System Did Not Shut Down When Guide Star Was Lost

Hi Group,
My session started around 6:36 last night and completed its third sub at 7:22. I suspect clouds rolled in shortly thereafter since the PHD2 logviewer shows the beginning (but not completion) of a fourth sub.
I checked the OBS around 9:30 and found iOptron CEM120 had not “flipped” at the designated time (approx. 8:25pm) and the mount had continued tracking. It is set to stop tracking at 7 degrees past meridian (max limit is 14 degrees), but appears not to have. SGPro was set to pier flip at 5 minutes past meridian (approx. 1.25 degrees). When I shut the system down, the mount was up against a hard stop. Sending the unit back to its Zero position showed that Zero was off as well as the Park position.
However there was no problem re-establishing both correct positions.
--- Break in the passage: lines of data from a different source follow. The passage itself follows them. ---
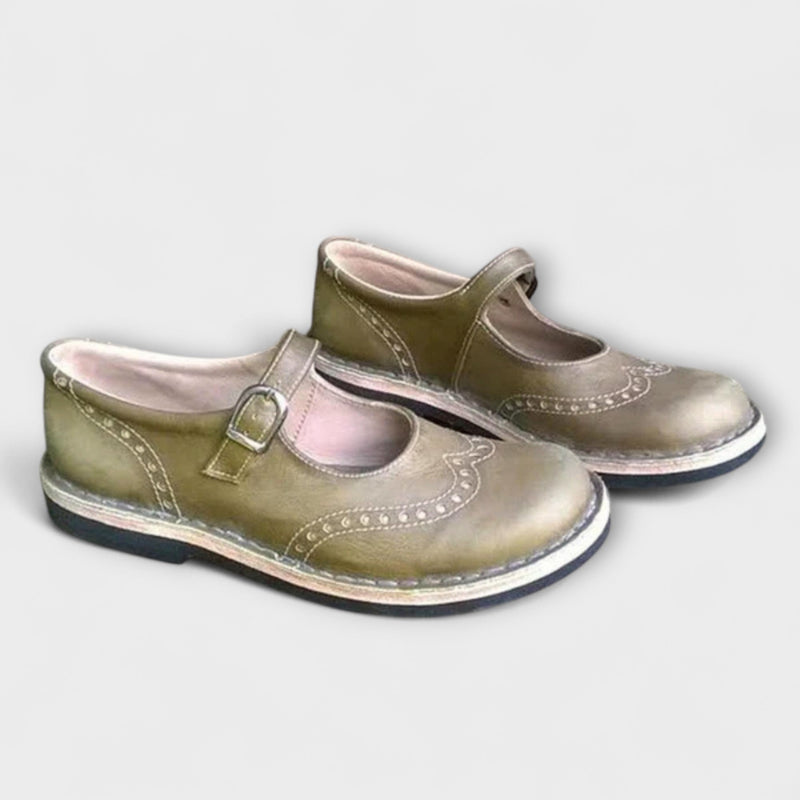 Classic Round-Toe Buckle Strap Shoes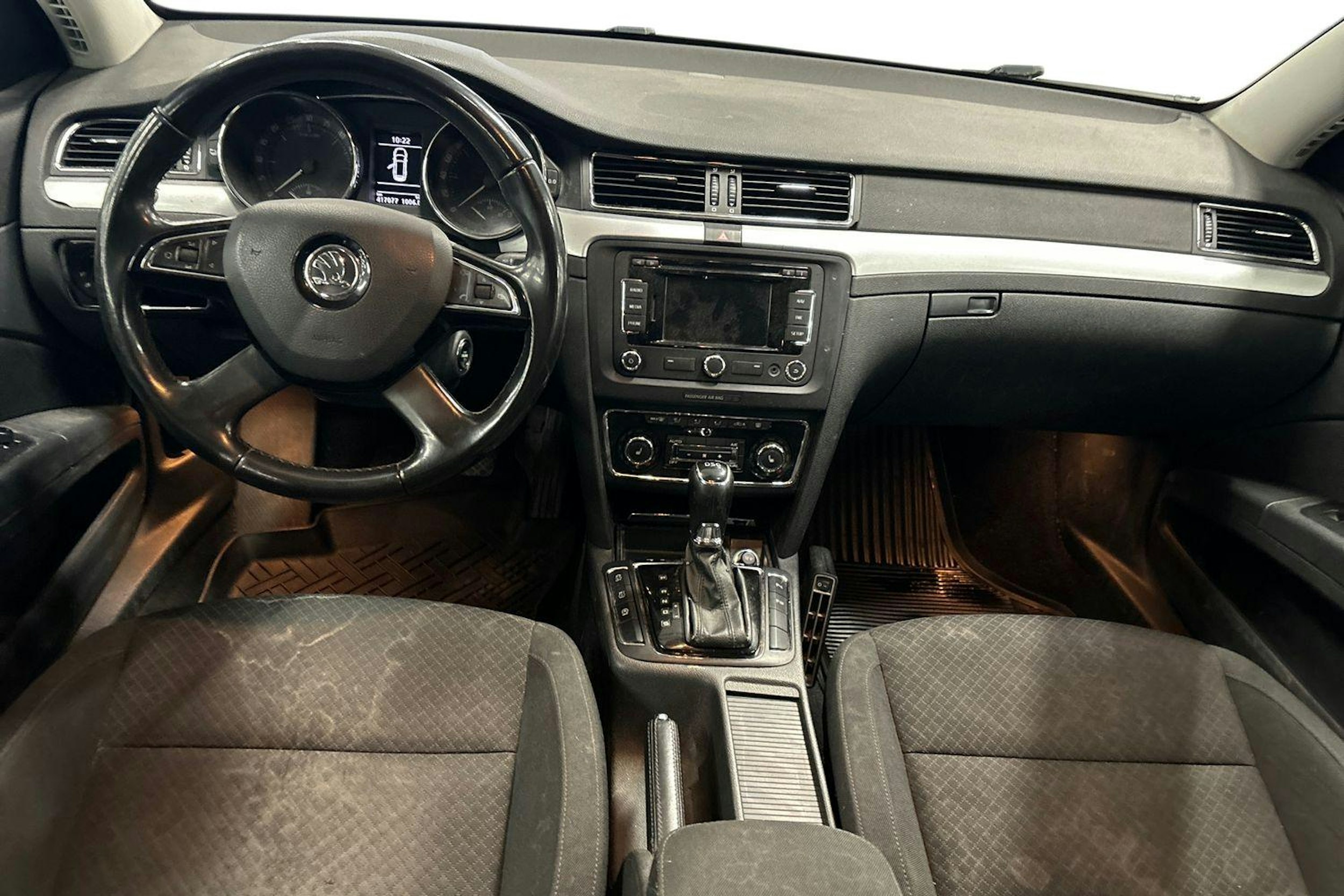 hopea Skoda Superb 2014 kuva 7.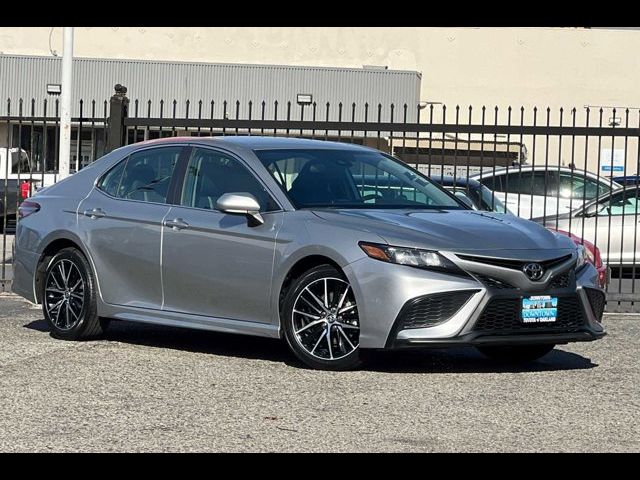 2021 Toyota Camry SE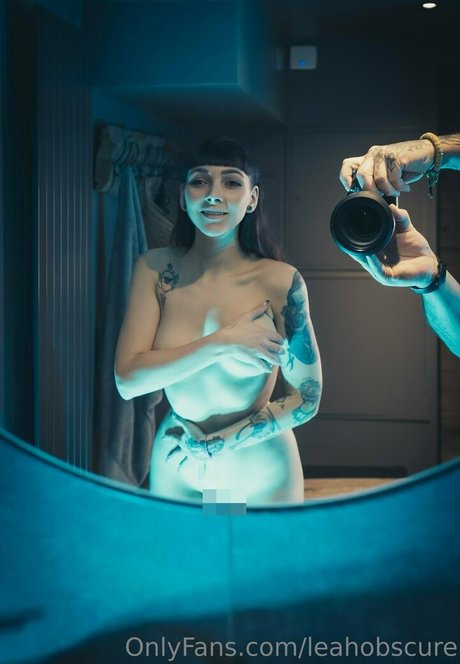 LeahObscure estrella bonita galería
My guess is that the clouds moved in and PHD2 lost its guide star, and SGPro did not shut the system down as a consequence. I could be wrong here because my log interpreting skills are woeful at best.

I would appreciate if you could look at the material in the DropBox attachment and give me your thoughts on what may have happened and if there is a continuing risk.

Thanks,
Mark

Thx for the info. I have found and corrected this issue… it seems that there was a chance that a failure to run an event might skip running end of sequence actions if the sequence has recovery turned off. Not that it matters for this specific issue, but just pointing it out in case you did not intend to turn sequence recovery off.

This will be fixed in 3.1.0.449

So I’m being clear, I do not use “recovery”.

  1. Did you then find that ver 3.1.0.447 (in my situation) would not abort the sequence upon a lost guide star?

  2. I’ve approached iOptron for some explanation on why the mount setting of “stop at 7 degrees past meridian” did or did not occur. They’ve gone back to their gurus for an answer. I’d appreciate any further thoughts you might have on this.

FWIW, iOptron described exactly what would happen if the mount tracked into a hard stop. According to them, and others I have read, the event is mostly benign. So that’s good.

Mark

The condition you found would actually abort the sequence, it would just skip all end of sequence actions in error.